EWIN HANNAN
FEBRUARY 22, 2020
The Australian
Christian Porter, chief law officer in a Coalition government that traditionally is sympathetic to business, is not impressed by employer excuses that large wage underpayments by some of our biggest companies are the fault of the workplace system’s complexity. Following Coles and Target this week joining a conga line of household brands confessing to multi-million-dollar underpayments of employees, the Attorney-General says the government is frustrated and disappointed by corporate Australia’s failings.
“It is endemic and, to me at least, is representative of the fact that large sophisticated organisations who have big tax compliance divisions, big HR divisions, spend enormous amounts of money on PR and social issues, they just have not invested anywhere near enough time, effort and resources in one of the most basic aspects of any business, which is payroll,” he tells Inquirer.
Data compiled by the Australian Payroll Association supports Porter’s point. Its recent survey of 1831 organisations — collectively employing 1.578 million workers and producing 49 million pay slips a year — found 83 per cent had not updated their payroll software since 2000.
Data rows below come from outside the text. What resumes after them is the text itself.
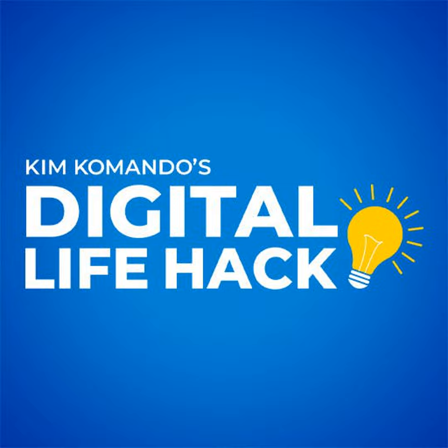I'm Kim Commando, brought to you by TheCurrentNewsletter.com, the smart tech newsletter delivered to your inbox twice a week with exclusive news and links. Sign up now at TheCurrentNewsletter.com.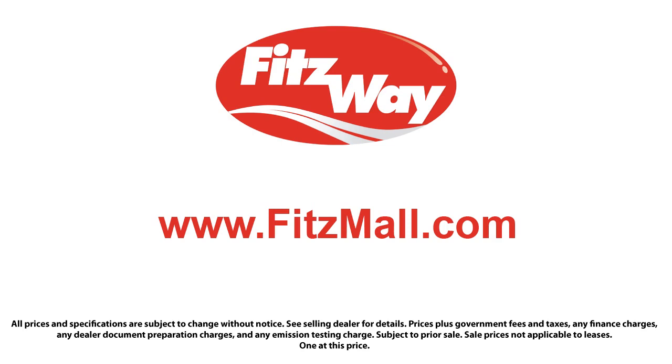So you can buy with confidence knowing that you're in the best possible hands. The Fitzway puts the customer first with honesty, respect, and a total commitment to customer satisfaction. That's the Fitzway.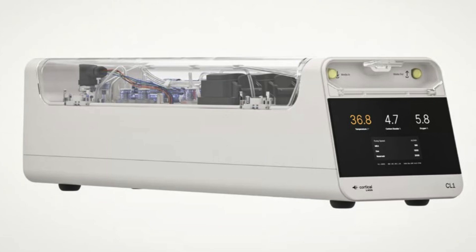I have to admit, when I first saw this, I was like, this is science fiction. But it's real. And it's called the CL1, developed by a company called Cortical Labs. They're calling the technology behind it Synthetic Biological Intelligence, or SBI for short. Can you break that down for us? What exactly is SBI?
Of the 17 per cent of companies that had updated in the past 20 years, 72 per cent are using products mostly suited for small businesses, despite only half having fewer than 100 employees.
Association chief executive Tracy Angwin says the award complexity cited by employer groups is not a legitimate reason for underpaying staff as hundreds of thousands of companies across the country manage to pay their workers correctly every week. “It is two things: it is the ‘set and forget’ of payroll technology, and under-investment in the training of payroll staff,” she says.
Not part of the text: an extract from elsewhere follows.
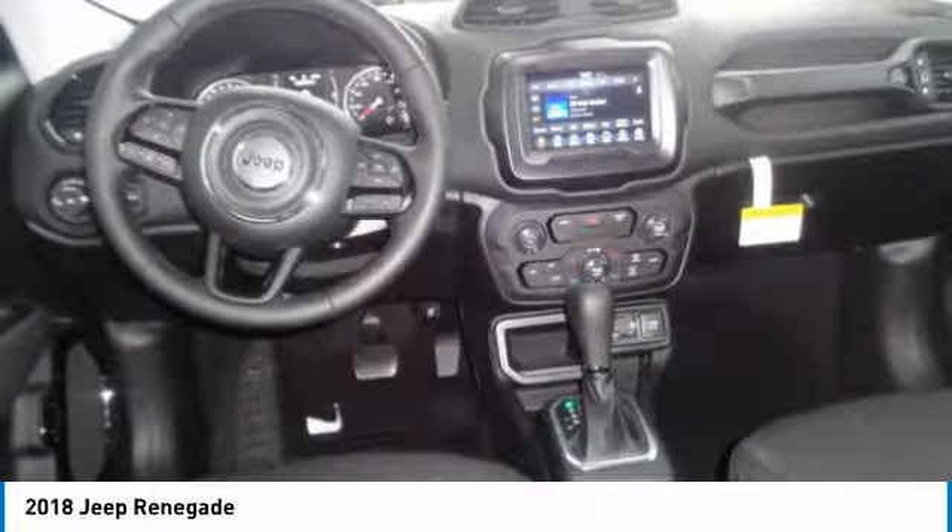If you like it online, you'll love it in your driveway. Take it for a spin today.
Angwin rejects company claims that incorrectly configured software bought from offshore companies can be blamed for underpayments. “It doesn’t matter where the software is from, someone has to set them up and the company has to sign off on the configuration before it goes live.
“When you buy a piece of payroll technology you have to configure it to meet your requirements. It doesn’t come fully configured. I use Microsoft Excel and if I can’t get my formulas right, my calculations will be wrong and Bill Gates is not going to take responsibility for that. Nor should he. It’s the user’s problem. It’s a user error, I haven’t been trained in Excel to the extent I should be that I can make sure my formulas are correct. It’s exactly the same with payroll software.”
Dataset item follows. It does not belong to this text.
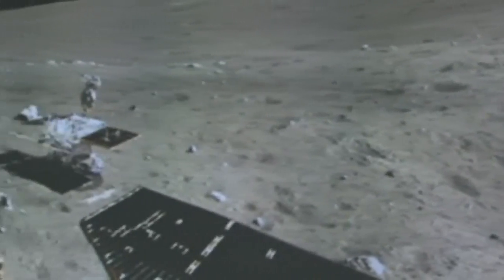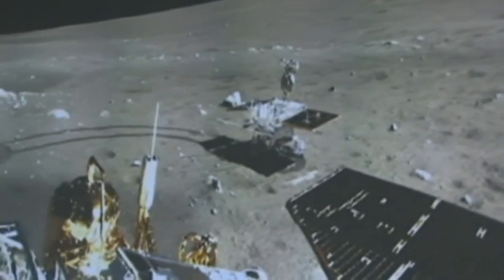China's leadership has placed great importance on advancing their space program, and the president is keen for China to establish itself as a space power.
University of Adelaide law professor Andrew Stewart says major companies that underpay workers have reaped the benefits of simplified pay structures such as annualised structures while under-investing in payroll systems and not ensuring employees are paid their legal entitlements. “What we have seen is really significant shortfalls. How can that be anything other than negligence? At the very least, you’d say the concern for saving money on payroll systems by having simpler pay structures has been achieved at the expense of meeting their obligations to their workers.”
Anthony Forsyth, professor at the Graduate School of Business and Law at RMIT University, says rather than being too complex, the workplace system has become simpler. “If you go back to the days of overlapping federal and state coverage, whereas that’s been pretty much clarified with the move to a national system covering most of the private sector,” he says. “Many thousands of awards, federal and state, have been reduced down to 122 modern awards. So, to me, it’s the problem of under-investment on the part of big corporations in compliance. ”
In the aftermath of the collapse of George Calombaris restaurant empire, Australian Industry Group chief executive Innes Willox says unions should “bear much of the opprobrium” for the demise as they relentlessly over-inflated employee underpayments and branded companies as “thieves”.
Accusing the Morrison government and the states of backing a divisive agenda by “parroting” union terms such as wage theft, Willox claims the Calombaris empire’s $7.8m in underpayments to more than 500 workers was reportedly “genuinely in error, and then self-reported and all employees back-paid in full”.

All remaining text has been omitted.